You might think such a stark picture of how much grit and grime remain inside my heart and mind would be depressing, and maybe it should be.
But, it isn’t.
First of all, I know that stuff is in there. Sometimes when there’s a big enough problem, or if I get my feelings hurt by someone, I get shaken enough for some of that grit and grime to come out of my mouth. So not only do I see it, but so do the people who live closest to me.
Still, instead of being depressed it actually makes me thankful.
As I stared at the grit in the tub, and thought about grit that still resides in me, I felt a rush of gratitude because I believe deeply that God has judged me and declared me “not guilty.” God has declared by his will and his power that in Christ I am righteous and even holy unto him. I’m not indifferent to my need to be more like Jesus tomorrow than I am today, but I am overwhelmed by the wonder of knowing that I share anything with in common with him at all! And I am grateful because I know whatever traits I share with Jesus have been given to me.
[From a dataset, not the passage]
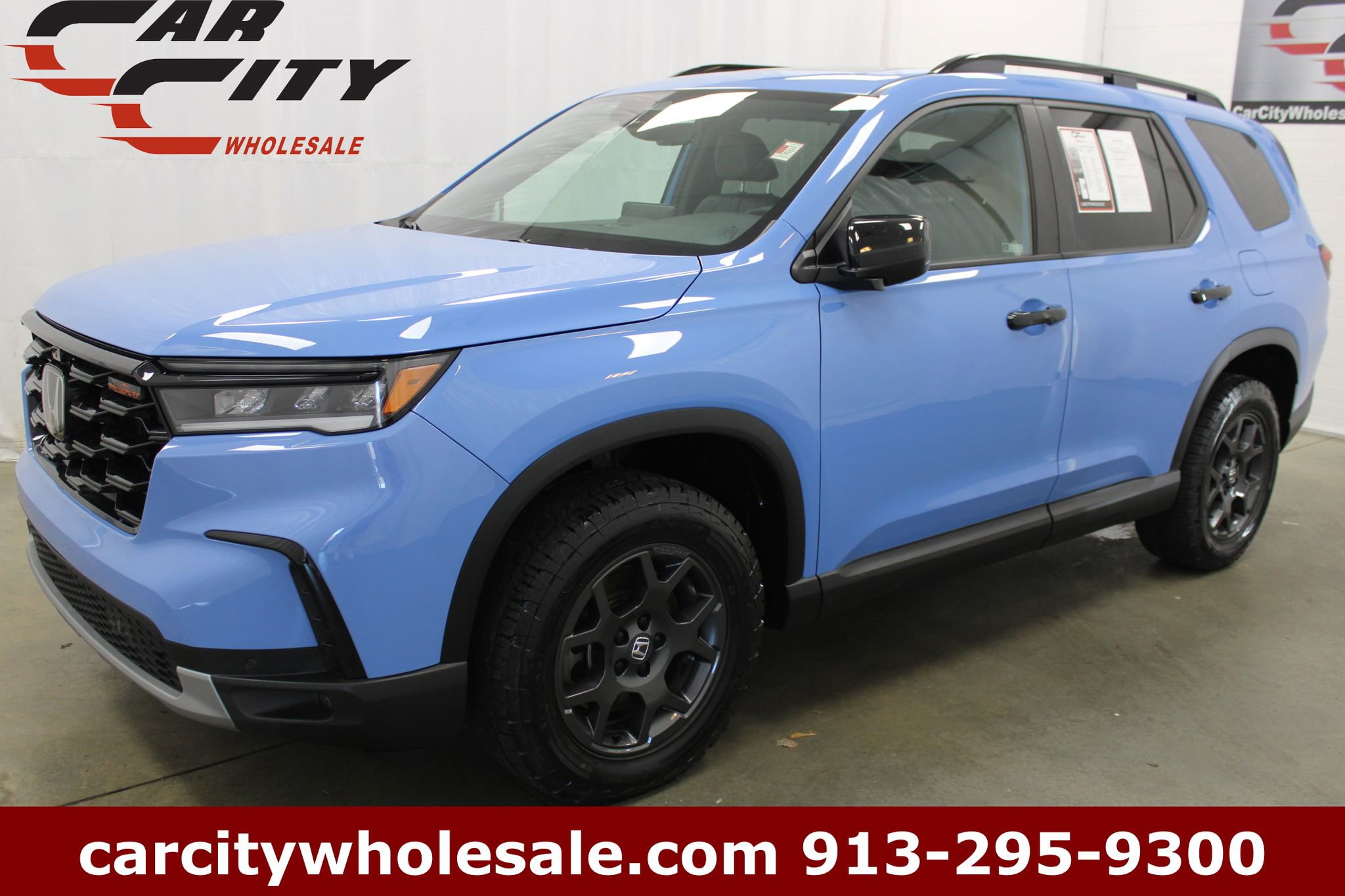 Used 2024 Honda Pilot TrailSport image 1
Listen to how the apostle Paul says, “thank you.”
Blessed be the God and Father of our Lord Jesus Christ, who has blessed us in Christ with every spiritual blessing in the heavenly places, even as he chose us in him before the foundation of the world, that we should be holy and blameless before him. In love he predestined us for adoption to himself as sons through Jesus Christ, according to the purpose of his will, to the praise of his glorious grace, with which he has blessed us in the Beloved. In him we have redemption through his blood, the forgiveness of our trespasses, according to the riches of his grace, which he lavished upon us, in all wisdom and insight…
– Ephesians 1:3-8
God chose us. God adopted us. God blessed us in Jesus. God redeemed us. God forgave us. God lavishes grace on us.
I didn’t do any of that.
I just receive it as God lavishly ladles grace over my grit.
How can I not be thankful?
For a long time, I have thought that the real appreciation for Thanksgiving starts when we see what falls in the tub when we shake out our rug. The roots of genuine gratitude for turkey and family and jobs and pumpkin pie sink deep into the soil of Ephesians 1. Gratitude thrives in us when we see our personal, sinful grit and grime and wonder where we would be without the cross of Jesus. Gratitude transforms us when we look at our grime and reflect on why we need to be adopted in the first place and why we need to be forgiven and redeemed.
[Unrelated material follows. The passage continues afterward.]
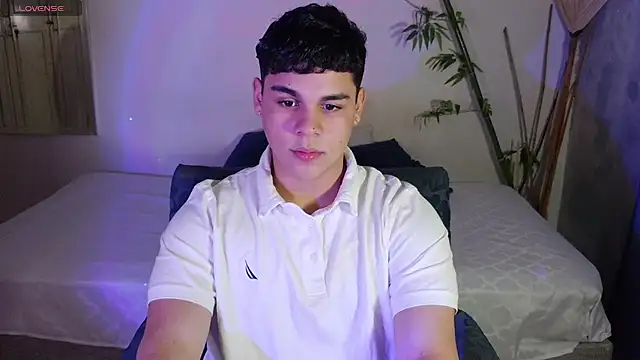 eithan jonnes online show from February 19, 2026, 11:12 pm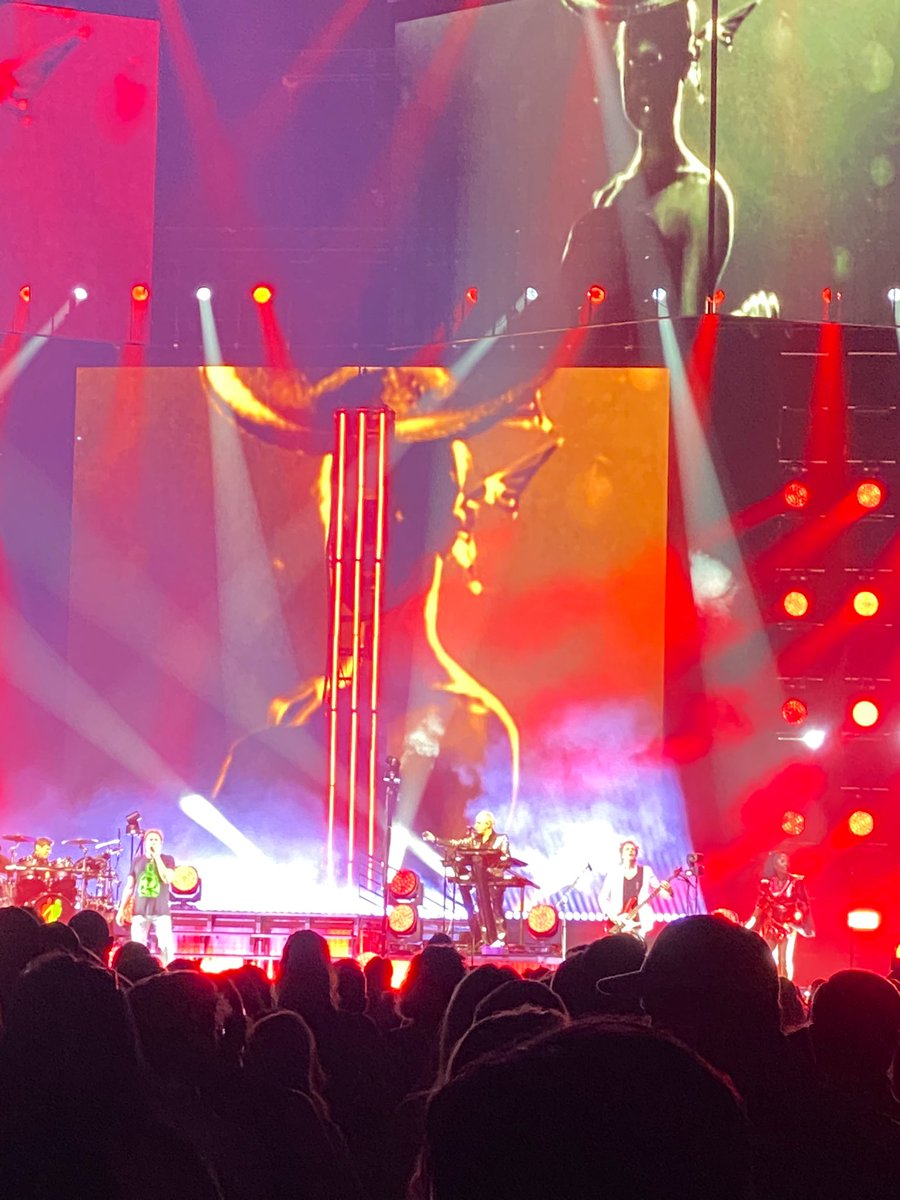 Nashville thanks <a href="/duranduran/">Duran Duran</a> for an epic night of Alt/Pop/Rock/Dance/mysticism &amp; the pure joy &amp; funk of <a href="/nilerodgers/">Nile Rodgers</a> Le Freak C’est Chic!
It seems to me that so many things the Scripture commands we do – forgive, bear with one another, be generous with other people, etc. – are things that blossom out of a heart overflowing with gratitude. One who knows they have been forgiven for much can forgive. One who knows they have been given riches is free to share.
I always look forward to Thanksgiving. It’s great to be thankful at Thanksgiving. But this year, before I start eating, I might go shake that rug into the tub again, and read Ephesians 1 again, just to make sure I remember why I am most grateful. If I start there, I won’t forget that the myriad of other physical and relational blessings I enjoy are really just the gravy on top of the peace with God that Jesus bought for me.
I invite you to join me this year taking some time to think about being thankful (before you eat yourself into the annual pumpkin pie coma).